Congress has a further 60 days to overturn the executive order by a simple majority vote;

Any further judicial decisions in derogation of the executive order would be subject to the same review process.

As I said, only non-sane people think about this sort of thing.

* * *

Meanwhile, I see that Niall Ferguson has grown too grand for NYU to be his American connection; he is now a professor of history at Harvard, though still quite a Fellow at Jesus College, Oxford. I learn these things from the byline to his recent piece in The Spectator, Britain First, in which he advises Great Britain to throw off the special relationship with the United States, and take up with the Scarlet Woman of Brussels:

The interests of the United States and the United Kingdom have in fact been divergent for many decades. They were perhaps most perfectly complementary a century ago, when Joseph Chamberlain and others discerned the impossibility of maintaining Britain's Far Eastern empire without American support, and the United States still considered itself a hemispheric power.
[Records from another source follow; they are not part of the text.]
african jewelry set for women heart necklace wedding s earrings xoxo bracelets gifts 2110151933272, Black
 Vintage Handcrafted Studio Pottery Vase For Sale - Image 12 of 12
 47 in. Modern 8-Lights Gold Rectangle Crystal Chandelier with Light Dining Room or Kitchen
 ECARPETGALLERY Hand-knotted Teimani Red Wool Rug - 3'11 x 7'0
There was another good reason for Anglo-American partnership by 1917, when it seemed that Britain could not defeat Germany without American financial and military support.....

Mr Blair's fervid Atlanticism therefore marks a discontinuity — a break in the longer-term deterioration of Anglo-American relations....

Mr Bush's tacit imperialism -- so much more resolute than that of his predecessor -- has found its staunchest support in Mr Blair's private faith. On they march, these two Christian soldiers, each with a Bible in one hand and a bazooka in the other...The trouble is that while a majority of Americans are receptive to what might be called a faith-based foreign policy, very few Britons are.

I am a great fan of Niall Ferguson, but sometimes I think that he writes things on a bet. ("You don't believe I'd really go on the BBC and advocate cannibalism for overpopulated countries? A case of Guinness Stout says your wrong!") Quite aside from the fact that the "special relationship" is one of those things that seem to take forever to die, the premise of his argument is wrong.

If it were actually the case that Bush's foreign policy is just an example of forthright imperialism, then it would be true that Britain would have no special reason to support it. Imperialism is just exported nationalism; no country has an interest in supporting another's nationalism. However, the point does not apply here. The world has evolved in such a way that the United States has become a cosmopolitan utility, like the UN, except that the US works. What the US has been doing since 911 is a little like a man manually working the pump on a small boat with a hull breach. Strictly speaking, he is working in his own interests, but he can't save himself without saving the other passengers. Some of the brighter passengers will realize that the relationship is mutual.

Britain could freeload off of this service, as Canada and Germany are content to do. The price of that, of course, is that such countries will be less and less consulted on matters of the first moment.

* * *

Speaking of French delusions, let me first make a defense of John Kerry. Swiftvet John O'Neill recently said about antiwar activist John Kerry's meeting over 30 years ago with the North Vietnamese and Viet Cong delegates to the Paris Peace Talks:

"It would be like an American today meeting with the heads of al Qaeda," said O'Neill.

By no means. Talking with al Qaeda would be like doing a face-to-face interview with the Unabomber when he was still at large. Some people should not be talked to, but shot on sight. (Well, arrested.) If you do not try to help bring them to justice, you are an accomplice. In contrast, the US government found the Communist delegations to the Paris talks fit to treat with. If Kerry was trying to some negotiating on his own, he was arguably committing a felony, but that's another matter.

That said, though, the way that Kerry continues to follow the Vietnam script is becoming eerie. Consider this headline, about the recent visit of the Iraqi prime minister, which I will not trouble to link to:

Kerry: Allawi Abets Bush in Putting on 'Best Face'

Allawi "abets" Bush in making an argument for his own government, does he? It's exactly like the antiwar movement in 1971: nothing but defeat will do.